Data supplied
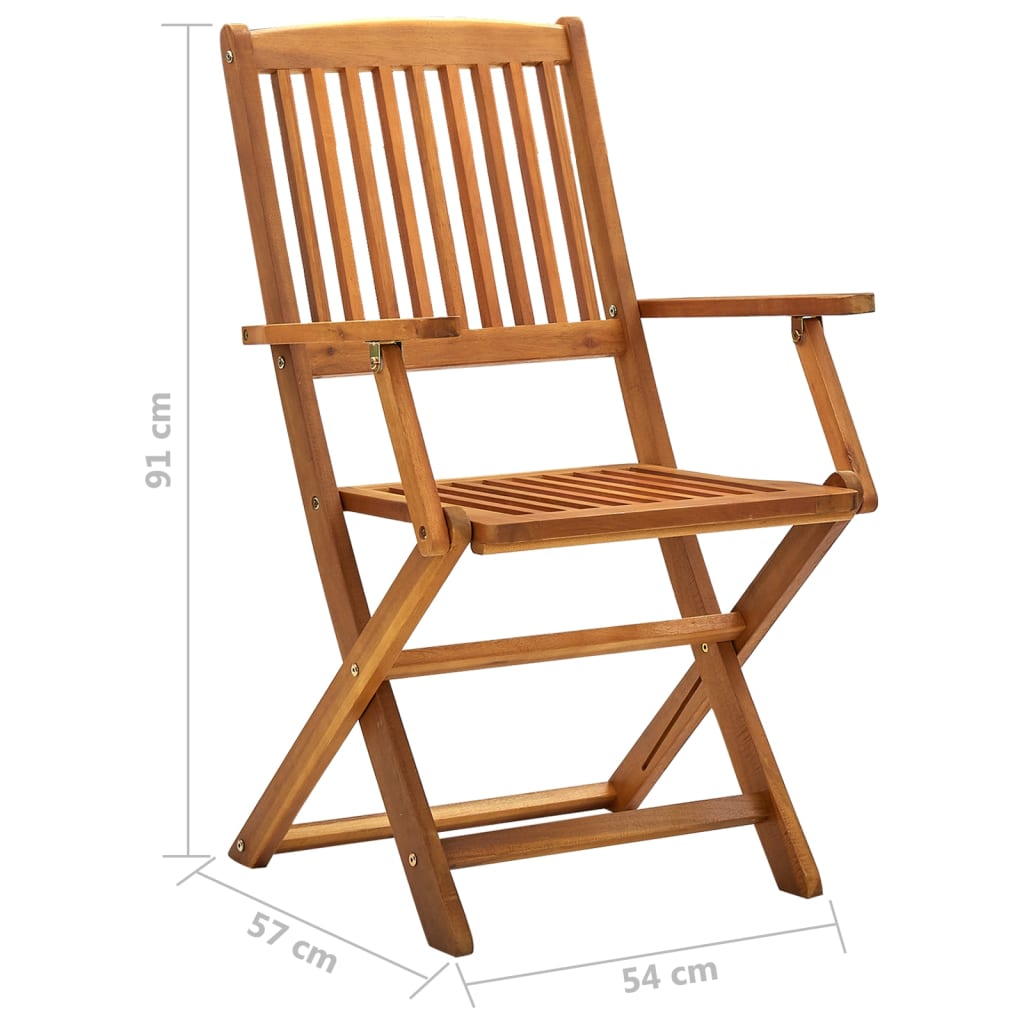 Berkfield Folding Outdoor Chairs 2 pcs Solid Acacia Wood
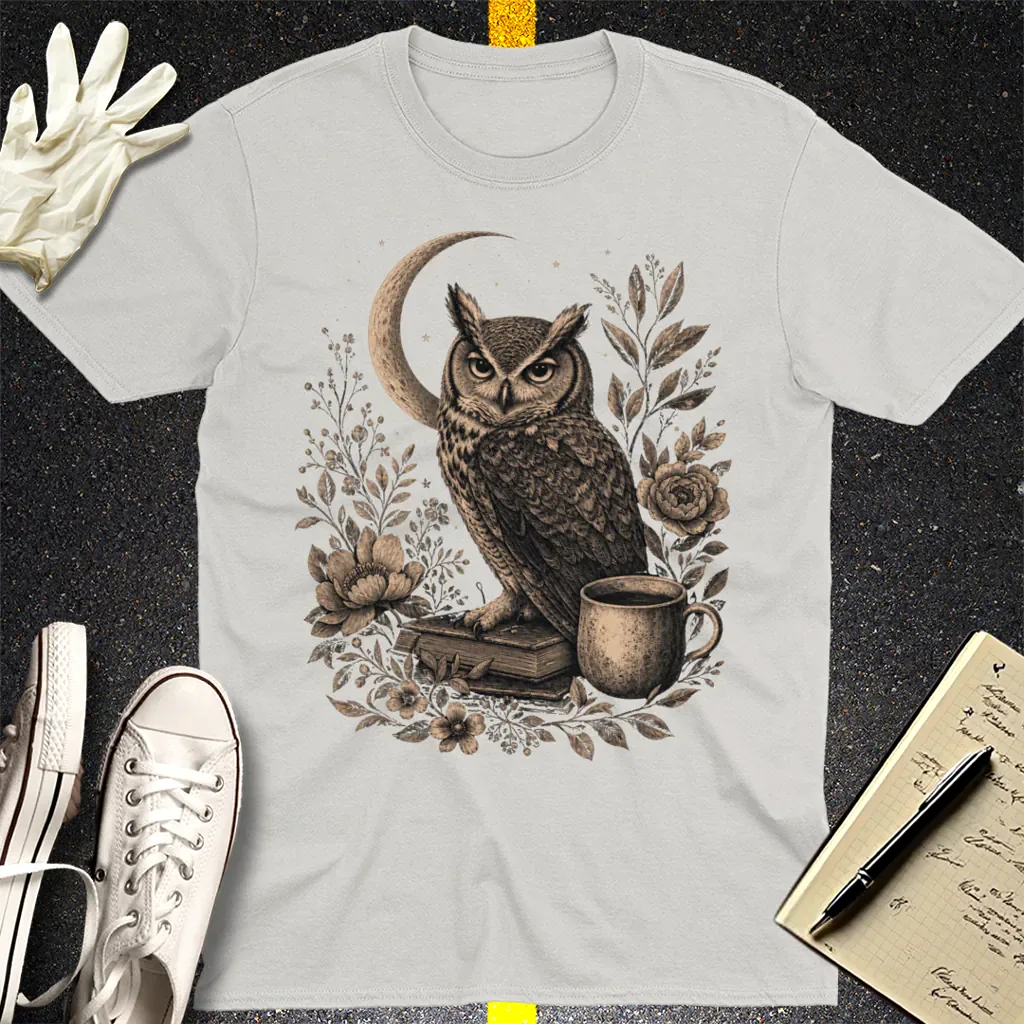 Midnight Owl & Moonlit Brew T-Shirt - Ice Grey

...

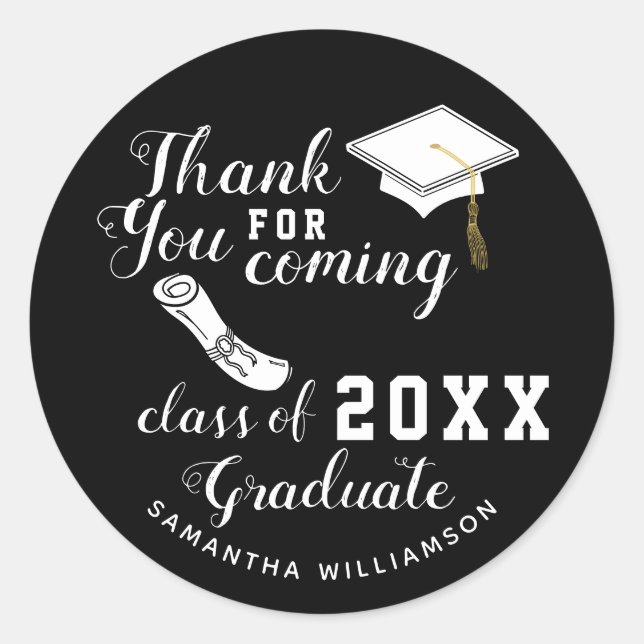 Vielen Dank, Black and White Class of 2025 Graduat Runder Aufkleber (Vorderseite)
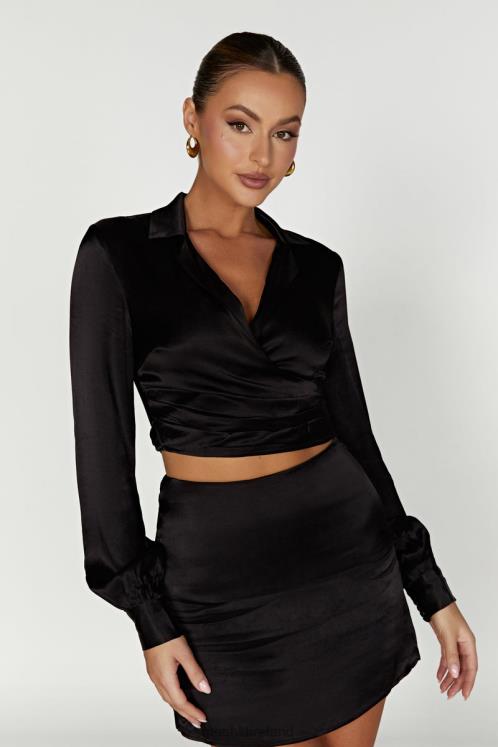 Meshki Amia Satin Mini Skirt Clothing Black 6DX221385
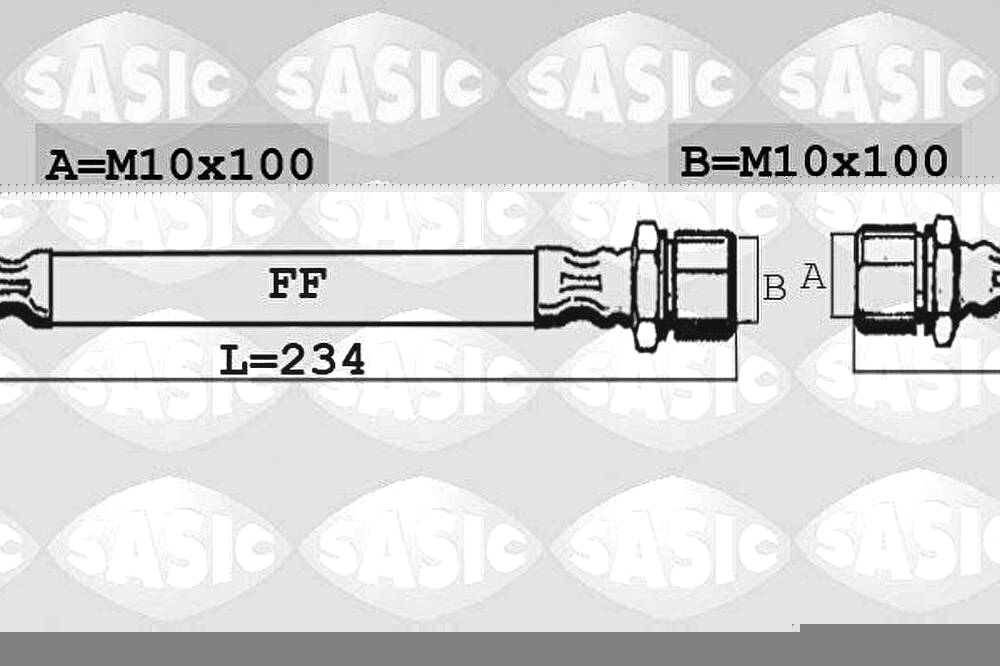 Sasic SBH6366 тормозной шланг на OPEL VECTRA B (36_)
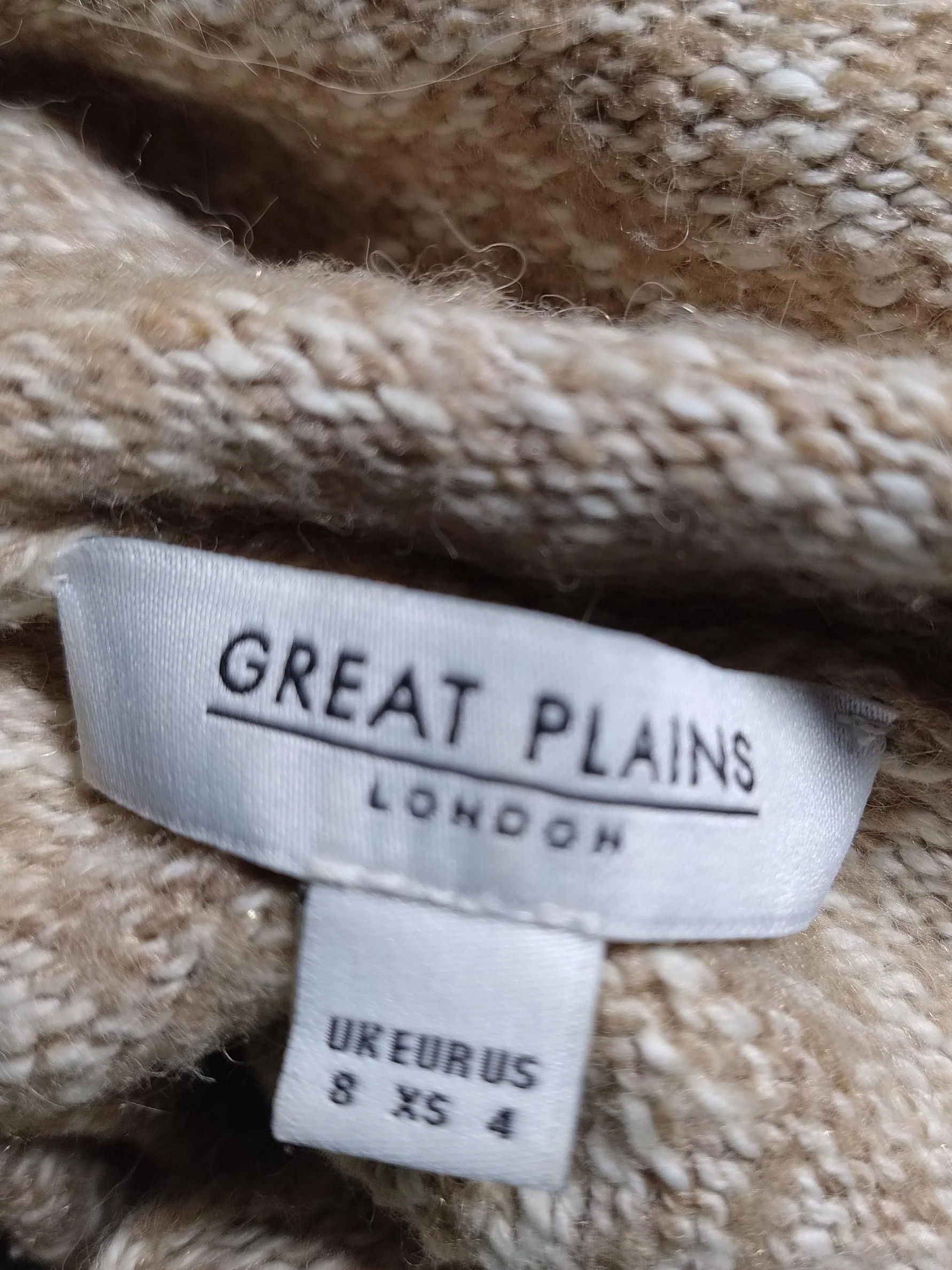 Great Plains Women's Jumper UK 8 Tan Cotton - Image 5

Task
Output exactly the stretch of the listing that begins at the line containing "Vielen Dank, Black" and ends at the line containing "Great Plains Women's", both kept. Omit pictures and everything else.

Worked solution
 Vielen Dank, Black and White Class of 2025 Graduat Runder Aufkleber (Vorderseite)
 Meshki Amia Satin Mini Skirt Clothing Black 6DX221385
 Sasic SBH6366 тормозной шланг на OPEL VECTRA B (36_)
 Great Plains Women's Jumper UK 8 Tan Cotton - Image 5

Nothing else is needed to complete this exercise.